The letter to America's Health Insurance Plans was the latest volley in a war of words over who gets the blame for rising premiums. Polls show that many people expect their costs to go up as a result of the law, but there's also widespread mistrust of the insurance industry.

An HHS official said the letter is a pre-emptive move, after the department learned that several smaller carriers around the country are blaming the new law for rate increases this year.

The industry's top lobbyist responded that the health care law is a factor behind higher rates, but not the only one.

"Health insurance premiums are increasing because of soaring prices for medical services, the impact of younger and healthier people dropping their insurance during the weak economy, and additional benefits required under the new law," said Karen Ignagni, president of the insurers' trade group. "It's a basic law of economics that additional benefits incur additional costs."

Sebelius asked Ignagni to help stop "misinformation and scare tactics."

Although the law's big expansion of coverage under the law won't take place until 2014, several new benefits go into effect starting later this month. Lifetime dollar caps on coverage are abolished, and plans must allow parents to keep their children on the policy up to age 26. Many plans will also have to guarantee coverage for children regardless of a medical condition, and provide preventive care with no cost-sharing for the patient.

The administration estimates that those new benefits will raise premiums by no more than 1 to 2 percent. Major benefit consulting companies say the impact will be in the single digits, although it may vary considerably from plan to plan.

"Health plans will continue to do everything they can to incorporate all of these new benefits while keeping health care coverage as affordable as possible for families and employers," Ignagni said.

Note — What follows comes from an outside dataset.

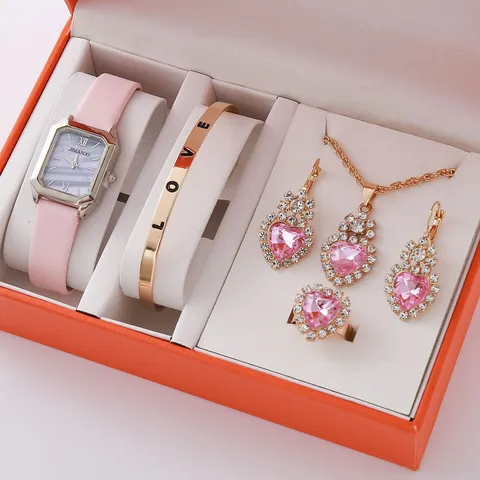Mode Damen Quarzur Uhr Und Legierung Strass Herz Schmuck Set Geschenkbox Uhr Armband Halskette Ohrringe Ring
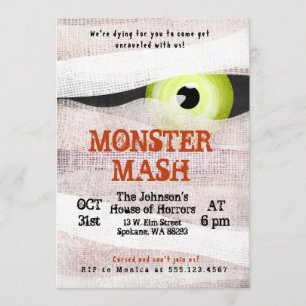 Monster Mash Halloween Bash Mummy Convite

Unpredictable premium hikes are a constant worry for small businesses and people who buy coverage directly. Employees of large companies are generally shielded from big rate swings from year to year, although their costs also creep up.

Obama used premium hikes to his advantage earlier this year in the final push to get health care overhaul legislation through Congress.

After Anthem Blue Cross sought an increase of as much as 39 percent for some of its California customers who purchase coverage directly, the president made the company into a poster child for insurance problems. California regulators recently approved an increase averaging 14 percent for Anthem customers.

Analysts say the industry is generally in good financial condition this year, and that may help to keep premiums in check.